Adult learners can improve their literacy with convenience and discretion using a smartphone app designed by a recent GW alum.
By Kristen Mitchell
A George Washington University doctoral student created an app to help adult learners improve their reading skills. Working in conjunction with literacy instructors in Washington, D.C., the app helps fill a need for students who fall through the cracks.
Jennifer Hill, who completed her Ph.D. in computer science in December, created an algorithm to help adult students work through material assigned through local literacy programs. She built CAPITAL—short for Comprehension and Pronunciation Instructional Tools for Adult Learners—as a learning aid to be used alongside in-class instruction. Dr. Hill worked with literacy instructors to design algorithms that automatically generate supporting materials to assist students.
The app fulfills an important need in the community, Dr. Hill said. Adult learners face an uphill climb in acquiring literacy late in life.
“Most of the students we’ve been working with, either old or young, have been living largely in poverty and with families they need to take care of. They need to get jobs really early, they need to help sick family members,” she said. “School becomes low priority, and then next thing you know you’re an adult out in the real world, and you never learned how to read.”
There are approximately 90,000 adults living in Washington, D.C., who cannot read or write proficiently, an obstacle that prevents many of them from getting an education, finding a good job and providing for their families, according to the Washington Literacy Center.
Dr. Hill’s mentor, Rahul Simha, computer science professor in the School of Engineering and Applied Science, started working with a contact at the Washington Literacy Center about four and a half years ago to figure out how technology could be used to enhance what adult students were learning in class. When Dr. Hill came to GW as a doctoral student, she initially built a prototype focused on phonemic exercises. The program would play audio of someone saying a word and students would select the correct corresponding written word in a multiple-choice question.
Low literacy adults tend to struggle with being able to hear the differences between certain similar vowel sounds and other basic skills, Dr. Hill said. Initial feedback showed students found the CAPITAL app helpful, and instructors saw their abilities improve.
“Once we found out that we were fulfilling a need, it became a lot easier to think of all these different ways to improve the app and reach out and do more,” she said.
In its current iteration, the app intelligently decides when to reinforce material based on what the user struggled with and did well on.
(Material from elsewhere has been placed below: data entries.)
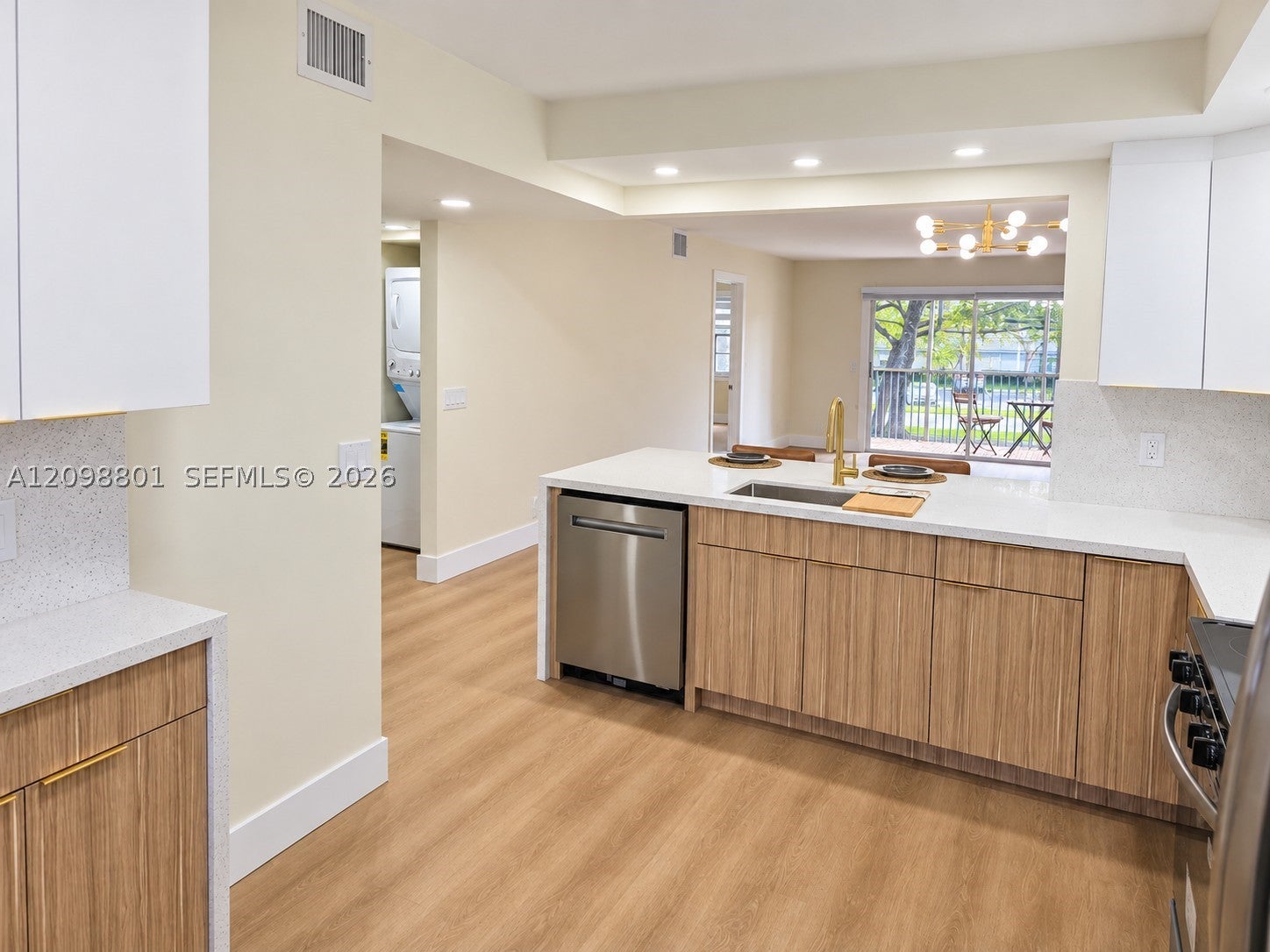 12600 SW 5th Ct 207L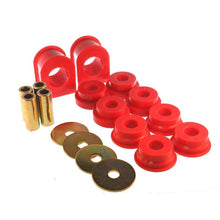 Load image into Gallery viewer, Energy Suspension 32Mm Frt Sway Bar Set - Red Bushing Kits Energy Suspension
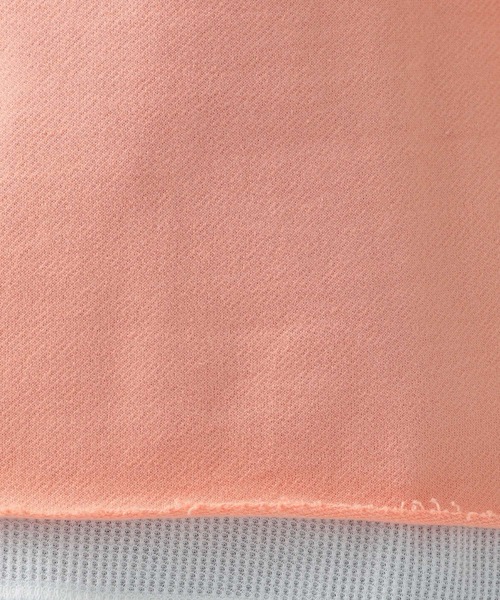 BAYFLOW（ベイフロー）の「【セットアイテム】レイヤードハーフスリーブTシャツ（Tシャツ/カットソー・メンズ・ブルー/グリーン/ピンク/ネイビー・MEDIUM/LARGE）」の18枚目の写真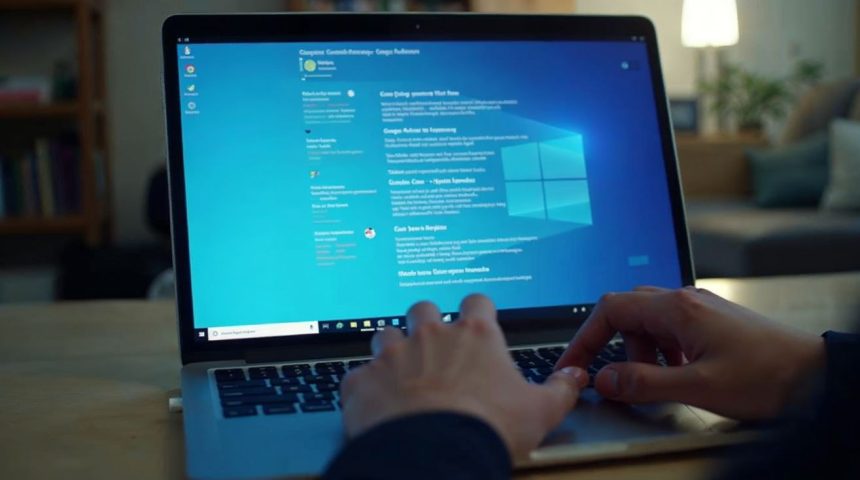 google gemini memory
A student who needs more help with a particular element will see and practice it more until outcomes improve, Dr. Hill said. As students improve, the app feeds them more challenging material.
Jennifer Hill (left) works with a student at the Washington Literacy Center. Students used the CAPITAL app to improve their literacy skills outside the classroom. (Photo courtesy of Jimmie Williams)
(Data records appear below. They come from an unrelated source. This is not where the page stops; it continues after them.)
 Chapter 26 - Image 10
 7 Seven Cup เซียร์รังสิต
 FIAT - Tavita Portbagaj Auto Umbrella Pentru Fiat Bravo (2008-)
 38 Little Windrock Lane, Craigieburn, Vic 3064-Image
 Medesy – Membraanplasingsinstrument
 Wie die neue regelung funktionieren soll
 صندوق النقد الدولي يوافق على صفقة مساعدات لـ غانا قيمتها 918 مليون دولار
Dr. Hill and Dr. Simha have worked with about 50 adult learners from the Washington Literacy Center, Academy of Hope and Literacy Volunteers and Advocates. The students range in age from late teens to 60s.
While most low-income adults do not have computers in their homes, many of them have access to a smartphone. Completing exercises on a smartphone helps students discreetly work on their literacy while commuting or otherwise going about normal daily activities without feeling embarrassed, Dr. Hill said.
The app also provides instant feedback to students, helping them learn and reinforce good habits in a way paper worksheets cannot. The app is designed to be used alongside in-person instruction and is not publically available.
Jimmie Williams, director of the Washington Literacy Center, said the center’s students typically read below a fifth-grade level and because of that, they don’t qualify for many job training programs. There is little funding available to help this underserved population, and the CAPITAL app is an innovative way to help students who can’t always prioritize education.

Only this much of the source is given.